::: PROVIDED RECORDS

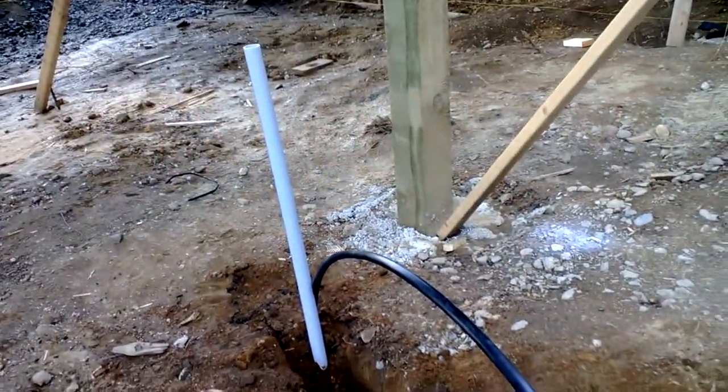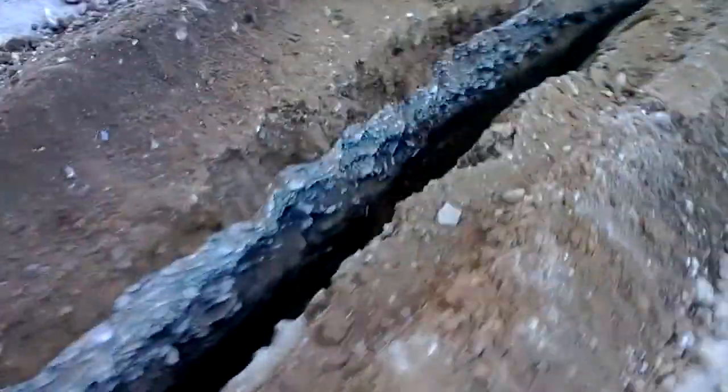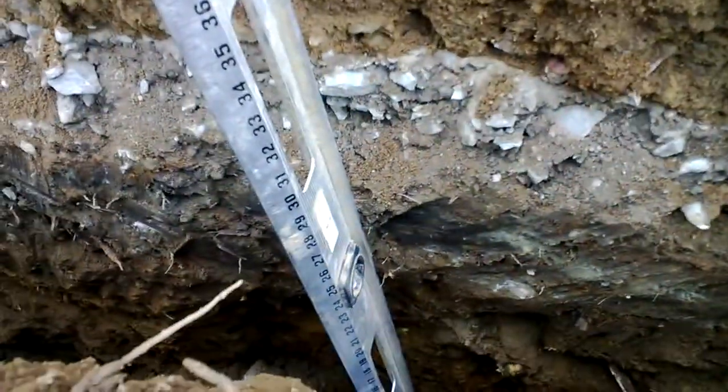Electrical inch-and-a-quarter conduit, water black poly. Let's see if we can get a depth — depth is 27 inches to the gravel. As we move along, still looking at a similar depth, 26 to the gravel.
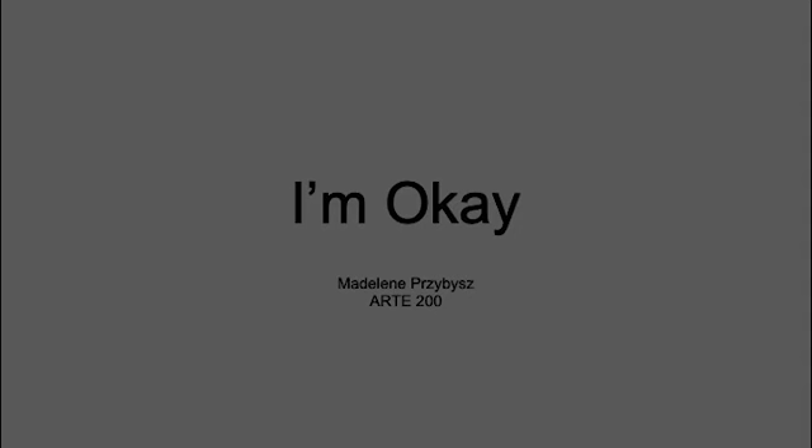Hello and welcome to this presentation on the I'm Okay series — the three conceptual works that I made throughout the semester in RDE 200.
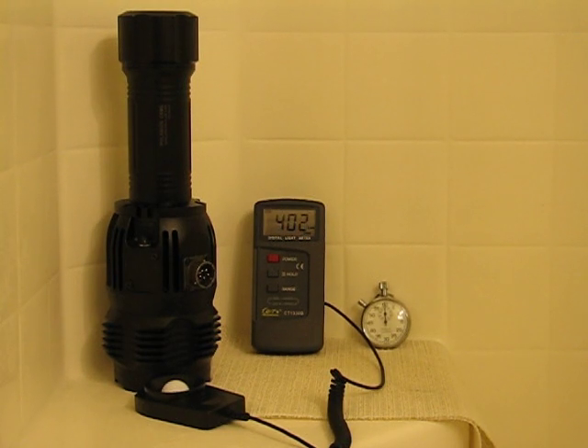Hey guys, Patriot here with Camel Power Forms, back for one more HID test. This is our Polarian Night Reaper, or Crew Served Weapon Light. This one is also advertised at 50 watts, although it's evident that it's slightly higher than that.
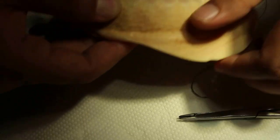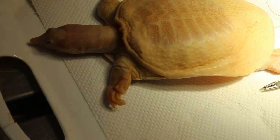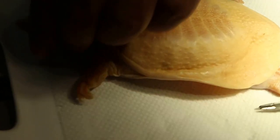Now this Chinese soft shell turtle is very weak — you can see it's weak. Use some oxygen, it will be changed. No, let's get a mask, keep oxygen.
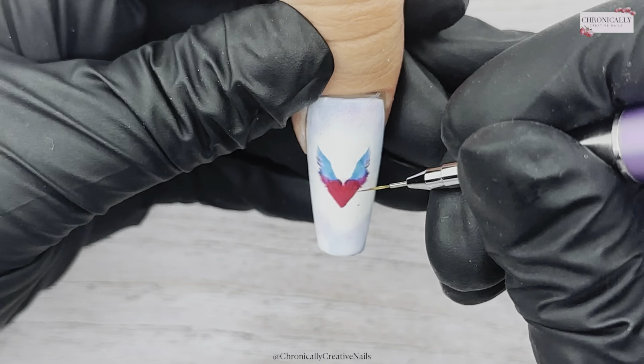Once I've got that heart shape the way I want it, I've cured that in the lamp. Now I'm going in with some rose gold metallic gel paint and I'm just going to outline that heart to give it some definition, because I feel like it's not very defined on its own. That just adds a wee bit of something, so I cured that in the lamp.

::::::

# REQUIREMENT:
All of the entries above should be copied exactly, except for the pictures.

# TASK OUTPUT:
Electrical inch-and-a-quarter conduit, water black poly. Let's see if we can get a depth — depth is 27 inches to the gravel. As we move along, still looking at a similar depth, 26 to the gravel.
Hello and welcome to this presentation on the I'm Okay series — the three conceptual works that I made throughout the semester in RDE 200.
Hey guys, Patriot here with Camel Power Forms, back for one more HID test. This is our Polarian Night Reaper, or Crew Served Weapon Light. This one is also advertised at 50 watts, although it's evident that it's slightly higher than that.
Now this Chinese soft shell turtle is very weak — you can see it's weak. Use some oxygen, it will be changed. No, let's get a mask, keep oxygen.
Once I've got that heart shape the way I want it, I've cured that in the lamp. Now I'm going in with some rose gold metallic gel paint and I'm just going to outline that heart to give it some definition, because I feel like it's not very defined on its own. That just adds a wee bit of something, so I cured that in the lamp.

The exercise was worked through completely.